Miyawaki Nature Lab in Thiruvananthapuram gives visitors a feel of how micro-forests transform the soil and the environment
The Hindu
Miyawaki Nature Lab in Thiruvananthapuram shows how micro-forests transform the soil and the environment
Leaves glitter with raindrops as we walk under a canopy of verdant greenery. The Karamana river, in full spate, can be heard raging about 750 metres below. The air is redolent with fragrances of soil, leaves, spices and flowers. Creepers, branches and leaves brush against us as we make our way around this tropical Eden. Butterflies glide among the ixora, making the most of the weak sunshine, a green frog hops under a stone, and a fat brown millipede moves forward busily.
As I make my way around Miyawaki Nature Lab, Gayathri Nair, my guide for the day, shows me the variety of plants that have greened this once barren hill within six years.
When MR Hari, CEO of Invis Multimedia, sold his ancestral property in 2007, he invested it in a hillside plot of two acres near Puliyarakonam, nearly 15 kilometres from Thiruvananthapuram; it was once planted with Acacia.
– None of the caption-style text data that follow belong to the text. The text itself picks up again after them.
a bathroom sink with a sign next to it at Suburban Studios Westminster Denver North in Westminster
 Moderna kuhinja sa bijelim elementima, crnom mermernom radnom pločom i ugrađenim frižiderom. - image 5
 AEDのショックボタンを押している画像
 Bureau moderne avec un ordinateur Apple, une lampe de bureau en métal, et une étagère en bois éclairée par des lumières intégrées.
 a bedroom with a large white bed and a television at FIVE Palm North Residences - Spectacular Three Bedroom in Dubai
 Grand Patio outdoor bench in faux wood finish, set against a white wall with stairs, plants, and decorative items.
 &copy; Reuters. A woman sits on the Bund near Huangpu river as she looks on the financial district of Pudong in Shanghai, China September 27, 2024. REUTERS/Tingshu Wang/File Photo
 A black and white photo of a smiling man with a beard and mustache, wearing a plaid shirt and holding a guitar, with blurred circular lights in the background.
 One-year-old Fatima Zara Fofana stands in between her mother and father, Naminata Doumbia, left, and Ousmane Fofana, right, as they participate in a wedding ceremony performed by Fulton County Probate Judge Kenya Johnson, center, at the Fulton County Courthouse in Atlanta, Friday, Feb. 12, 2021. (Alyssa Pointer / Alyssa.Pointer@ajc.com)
The monsoon had denuded the area of its topsoil and no amount of tree planting helped in arresting the water from draining away from the hillside. Hari recalls planting 500 saplings every year only to see them wither away as the rocky and pebbly red soil could not retain water.
He says blasting at a quarry on the other bank creates tremors that disturb the water table in the region. “The little water retained used to drain away through small cracks in the rocky bed that occur due to the blasting,” he adds.
Hari began rearing cows and hens to see if the land could be fertilised with organic manure — he was clear that he did not want to use chemicals.
In 2015, Hari came across a video on Miyawaki planting, a method of restoring forests pioneered by Japanese botanist Akira Miyawaki. He had spent a lifetime specialising in restoring degraded land by growing native vegetation.
So, in 2017, Hari began experimenting with the Miyawaki model on a small plot on his property. He was helped by Dr. Mathew Dan, a soil scientist, Cherian Mathew, a farm journalist, and Madhu, Hari’s farming assistant.